A sure sign of a bubble is extreme turnover. Recently, the total Chinese stock market turnover (in one day) reached $63 billion. That's more than the combined total turnover of $58 billion in London, New York and Tokyo for the same day!
I know we've been having an especially humdrum summer (in volume) but also consider that within the $58 billion turnover are billions of dollars worth of Chinese shares and ETFs (traded on North American exchanges).
Morgan Stanley Asian economist, Andy Xie says in a recent research report: "The stock market is in a final frenzy again. The most ignorant retail investors are being sucked in by the rising momentum."
Turning to the real estate market, there is more bad news. The two rock solid methods of real estate valuation: personal income to price ratio and rental yield to price ratios are beyond extreme.
Although the US per capita income is approximately seven times that of China’s urban per capita income, the price per square feet is almost equal. Rental yields on properties is negligible with most below inflation levels - meaning that the primary rationale for buyers is continued future price appreciation not future rents earned.
Like other bubbles, this will end very badly. That is for certain. What isn't certain is when exactly the music will stop.
One clue may be the date that many in China are eyeing as the expiration date of a Chinese government underwritten put option: October 1st, 2009 - the 60th anniversary of the National Day of the People's Republic of China. The general belief is that the government will do everything in its power to not 'lose face' before that date so as to not mar the celebration. Of course, whether this is true or not is irrelevant. All that matters is that enough believe it to be so.

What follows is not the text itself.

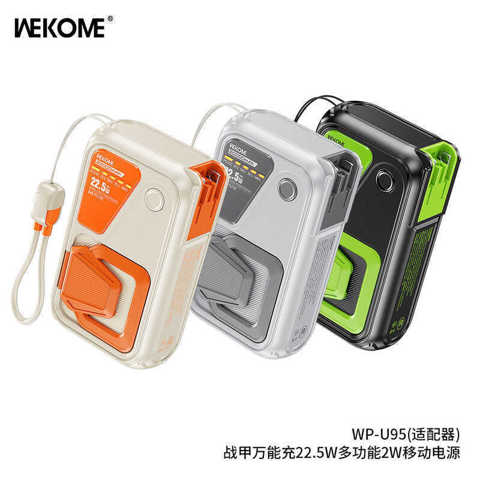 Портативный Зарядник WEKOME Plug Power Bank 20000Mah С Беспроводной Магнитной Зарядкой 22.5W И Встроенным Кабелем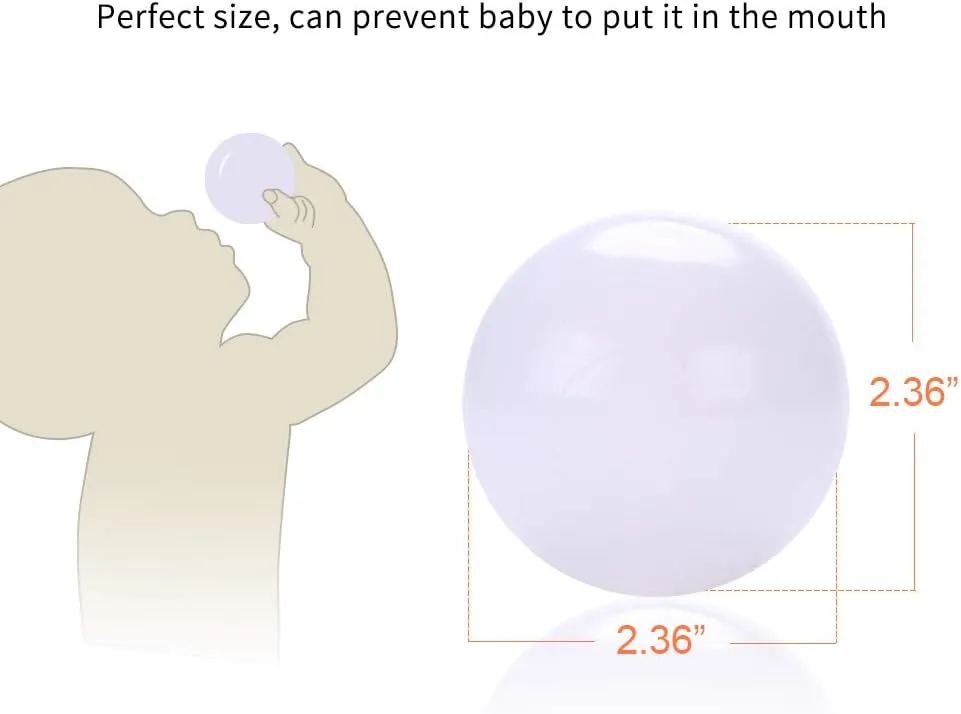 PlayMaty Play Ball Pit Balls - 2.36inches Phthalate&BPA Free Plastic Ocean Transparent Balls for Kids Toddlers and Babys for Playhouse Play Tent Playpen Pool Party Decoration Pack of 70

The reason I spend so much time thinking and writing about the Chinese economy and financial markets is that they are now a significant part of the global landscape. The precarious nature of this fragile recovery is even more clear when we realize just how pivotal a role China plays. Unless the rest of the world can recover fast enough to back on its feet before China's bubble bursts, this could get ugly.
You can play this with obvious Chinese ADR shares like Baidu (BIDU) which does a very good job of tracking the Shanghai Stock Exchange composite with an added beta boost. And you can also use Chinese ETFs and closed end funds like the iShares FTSE/Xinhua China 25 (FXI).